Problem description:
The needed output is the run of lines below from the one containing "Valentine 3D icon" through the one containing "バレエを踊る女の子のイラストのイラスト素材", copied exactly and free of pictures.

Input records:
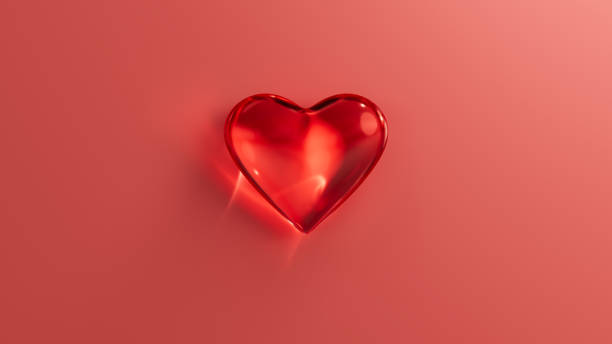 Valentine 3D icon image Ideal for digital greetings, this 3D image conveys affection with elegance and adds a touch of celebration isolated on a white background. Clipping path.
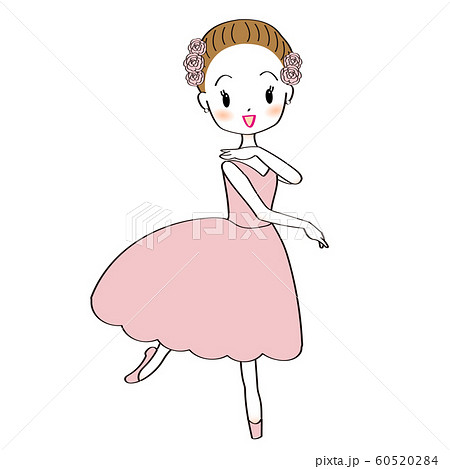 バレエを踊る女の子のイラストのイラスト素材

==

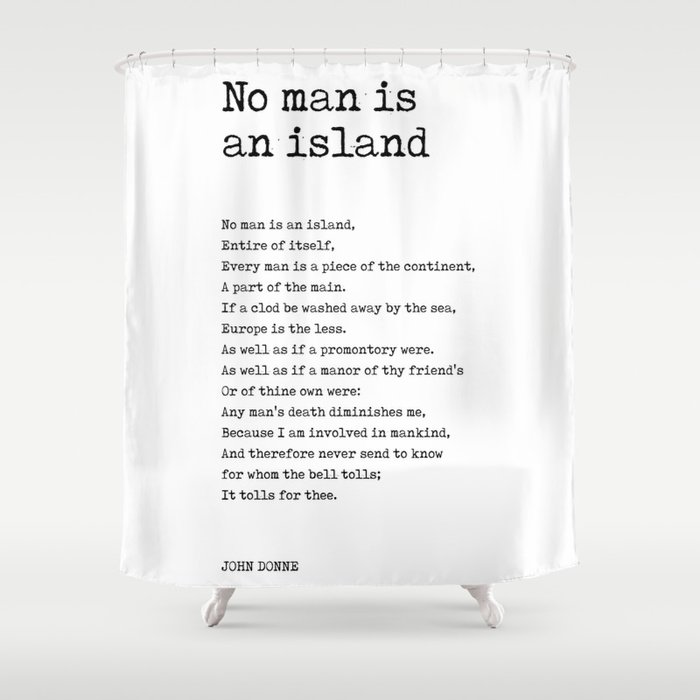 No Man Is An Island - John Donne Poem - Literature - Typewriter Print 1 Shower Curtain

Exercise solution:
 Valentine 3D icon image Ideal for digital greetings, this 3D image conveys affection with elegance and adds a touch of celebration isolated on a white background. Clipping path.
 バレエを踊る女の子のイラストのイラスト素材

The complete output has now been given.